忘れられない記憶ほど、意外と色鮮やかに残っているものだ。
もう、彼女はいない。
それでも毎年、桜の季節になると、自然とこの坂を登ってしまう。

ポケットの中にある、小さな手紙。
彼女が最後にくれたもの。
開けることができなかった。
ずっと怖かった。

でも今日、ふと決心がついた。
花びらの舞う中で、封を切る。

そこには、あの頃と変わらない丸い文字で、こう書かれていた。

「桜が咲いたら、もう一度会おうね」

……え?
信じられず、手紙を持つ手が震える。

ふと、背後から声がした。

「ねえ、ずっと待ってたんだよ?」

振り向くと、そこには――
彼女と、そっくりな笑顔の女の子が立っていた。

「ママの手紙、ちゃんと渡せてよかった」

彼女の面影をそのまま写した少女は、花びらの中で微笑んでいた😊

時が止まったような春の午後。
蘇ったのは、思い出だけじゃなかった。

「あなたに、伝えたかったんだって。
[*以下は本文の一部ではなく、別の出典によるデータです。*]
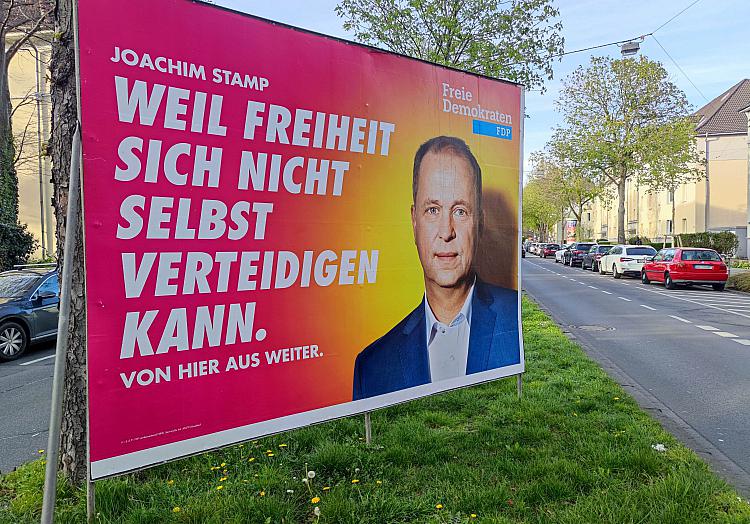 FDP-Plakat zur NRW-Landtagswahl 2022, über dts Nachrichtenagentur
最後まで言えなかった想いを」
そう言って、少女は胸のポシェットから、もう一通の手紙を差し出す。

震える指で受け取り、開封する。

「あなたと過ごした春が、私のいちばん好きな季節になったよ。
ありがとう。
そして……あなたに会えて、本当によかった」

文字の最後に添えられていたのは、彼女の似顔絵と、満開の桜🌸

僕は涙をこらえながら笑った。
春が、ようやく前を向ける季節になった気がした。

少女が小さくうなずく。
「ママは、あなたのこと、ずっと大好きだったよ」

風がそっと吹いて、空に舞った花びらが、まるで彼女の声のように優しく響いた。

そして僕は、ようやく手放せた気がした。